Interview
avec M. Mohamed BEKKARA
PDG ENIP
Algerie 2002
Pétrole et Techniques, N°440, Sept. Oct. 2002.
réalisé par Focus Limited.
Quelles sont les activités de l'ENIP ?
Issue de la restructuration Sonatrach, l'Entreprise Nationale de la Pétrochimie, par abréviation ENIP, a été créée le 1er septembre 1984. L'entreprise est chargée de la gestion, de l'exploitation et du développement des industries pétrochimiques. Elle se situe en amont des industries de transformation des plastiques. Son patrimoine est estimé à 22 milliards de dinars et ses effectifs s'élèvent à 2 500 agents.
Avec son retour à Sonatrach en tant que filiale 100 % , au sein du Holding Raffinage et Chimie des Hydrocarbures, l'Entreprise Nationale de la Pétrochimie est devenue en avril 1998, Société Nationale de la Pétrochimie ENIP SPA au capital social de 3 milliards de dinars. Ce capital est passé à 4,5 milliards de dinars en 2002.
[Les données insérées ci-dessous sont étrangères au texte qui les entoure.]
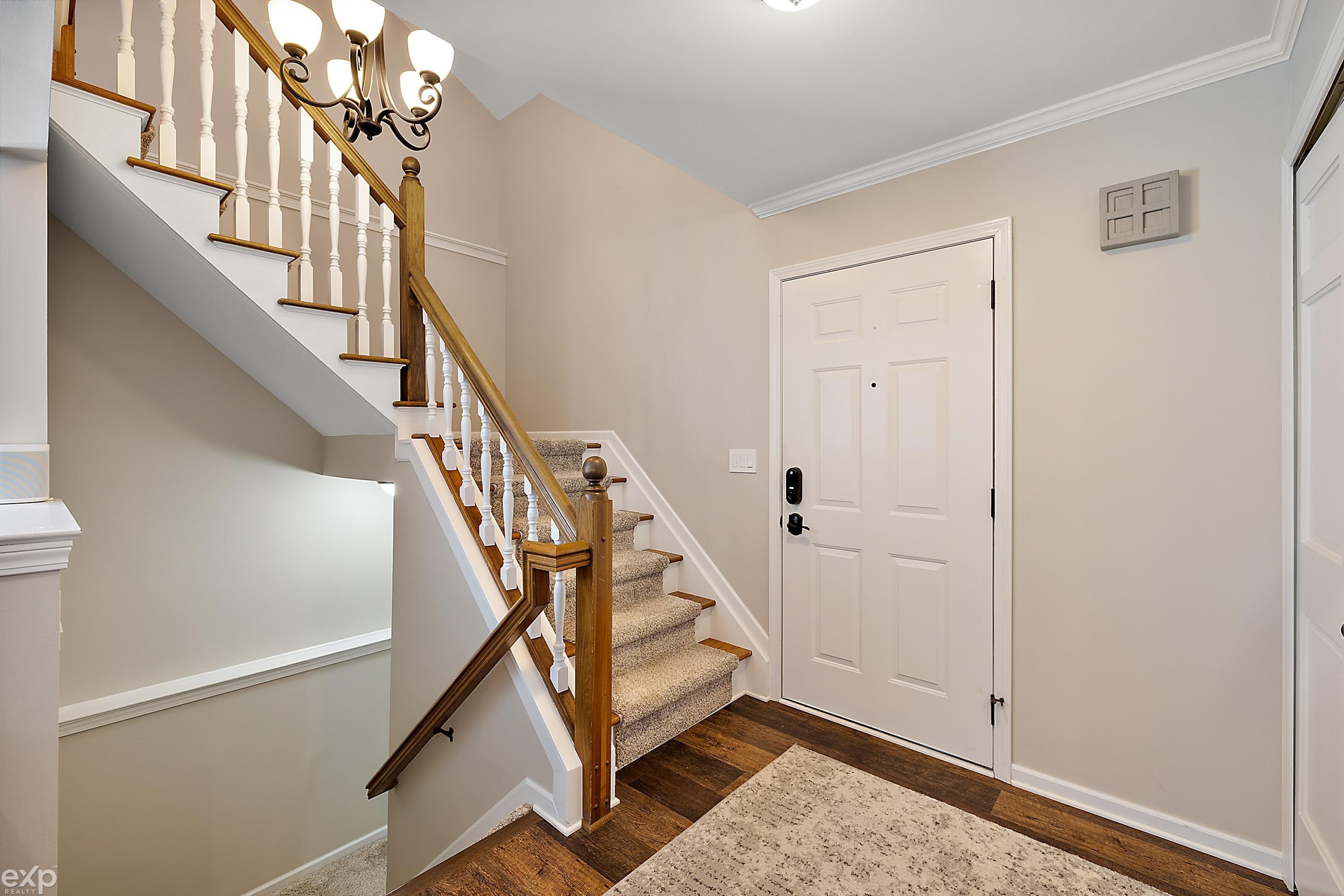 15280 Roxbury Circle Macomb, MI 48044 - Photo 10 of 40 50137115-40e89974-674d-40ae-bf2f-e62e8a9a278a.JPG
Quelle est la structure actuelle de l'ENIP ?
Le patrimoine de l'ENIP se compose principalement de deux complexes situés l'un à Skikda (le complexe CP.1/K qui produit de l'éthylène et des produits dérivés - PVC et PEBD - d'une capacité totale de 259 000 tonnes/an) et l'autre à Arzew (le complexe CP.1/Z qui produit du méthanol et des dérivés d'une capacité totale de 123 000 tonnes/an).
Nous utilisons l'essentiel de notre production d'éthylène et nous exportons les excédents. En revanche nous exportons l'essentiel du méthanol, principalement, vers l'Espagne, le Portugal, l'Italie et la Hollande. Ce patrimoine comporte aussi des unités de commercialisation et de distribution des produits pétrochimiques, réparties sur trois régions du pays: à l'Est, à l'Ouest et au Centre. L'ENIP possède également deux filiales dont elle détient les 100 % du capital (MEDCO, Société de Transit et ACTIM, Société d'activités immobilières d'Etudes et de Services) et une société mixte avec la société espagnole REPSOL, où nous détenons les 2/3 du capital (POLYMED, Société de Production de Polyéthylène Haute Densité, PEHD).
Quelles sont les priorités stratégiques de l'ENIP ?
Il s'agit de maintenir et de moderniser notre outil de production. Nous allons engager un programme de réhabilitation des unités existantes pour une enveloppe budgétaire de 70 millions de dollars. Ce programme de réhabilitation devrait s'échelonner sur la période 2002/2006.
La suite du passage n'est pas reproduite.